Limestone aquifers provide water to areas throughout the eastern United States, as well as some parts of the southwest. Acidic water carves interconnected openings through underground deposits of this carbonate rock, forming the water storage areas called aquifers. The openings in the rock range from microscopic pores to large channels and caverns. The composition of limestone and the structure of the aquifers can lead to some disadvantages.
Some limestone aquifers consistently yield high volumes of water, but others produce lower volumes or sometimes go dry. Porosity identifies how much water an aquifer can hold, and some less-weathered limestone aquifers have such low porosity that they simply do not contain enough water to be used as a water source.
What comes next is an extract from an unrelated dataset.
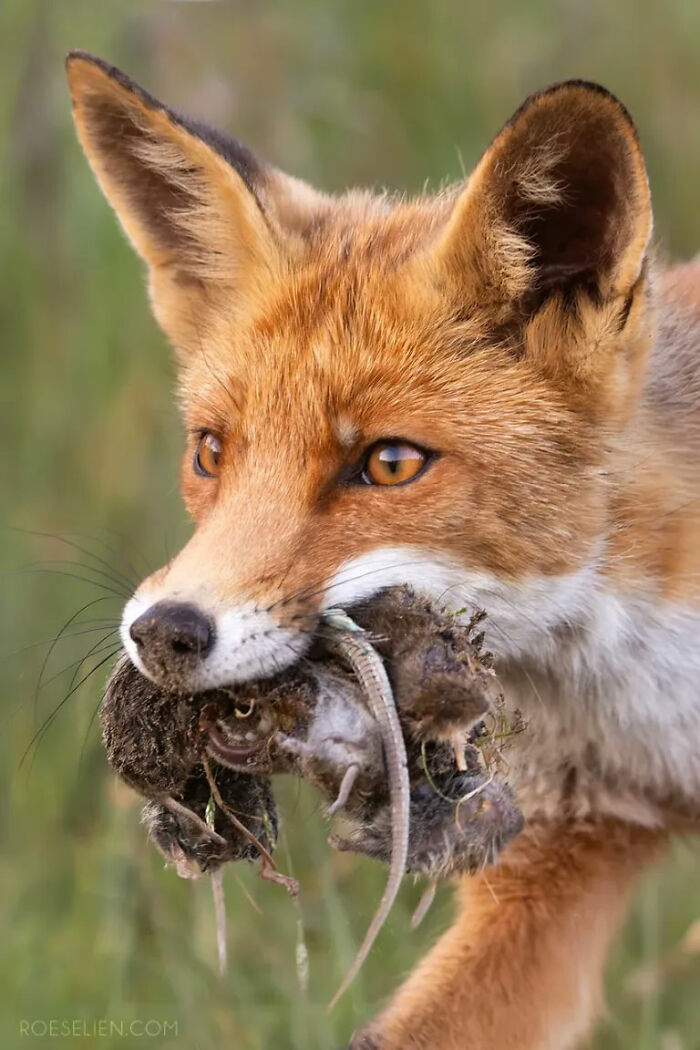 Foxes Are Way More Incredible Than You Think&mdash;Here Are 31 Proofs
Many limestone aquifers have high permeability, which measures how quickly water can travel through the ground. Water that moves easily through the aquifer is also more easily pumped out. However, water that is quickly pumped out can also quickly be depleted if the porosity is low.
Large cavities in limestone aquifers contribute to the formation of sinkholes. They can also occur where the limestone rock is exposed on the surface. Over-pumping from an aquifer increases the likelihood of sinkhole formation, as a decrease in underground water pressure can lead to structural failure.
Certain features of limestone aquifers make the groundwater contained in them more susceptible to contaminants. Surface water can enter a sinkhole rapidly, so any contaminants in the surface water will be introduced into the aquifer. Groundwater in limestone aquifers also absorbs calcium and magnesium from the surrounding rock. These minerals create hard water, which can leave deposits in bathtubs and sinks.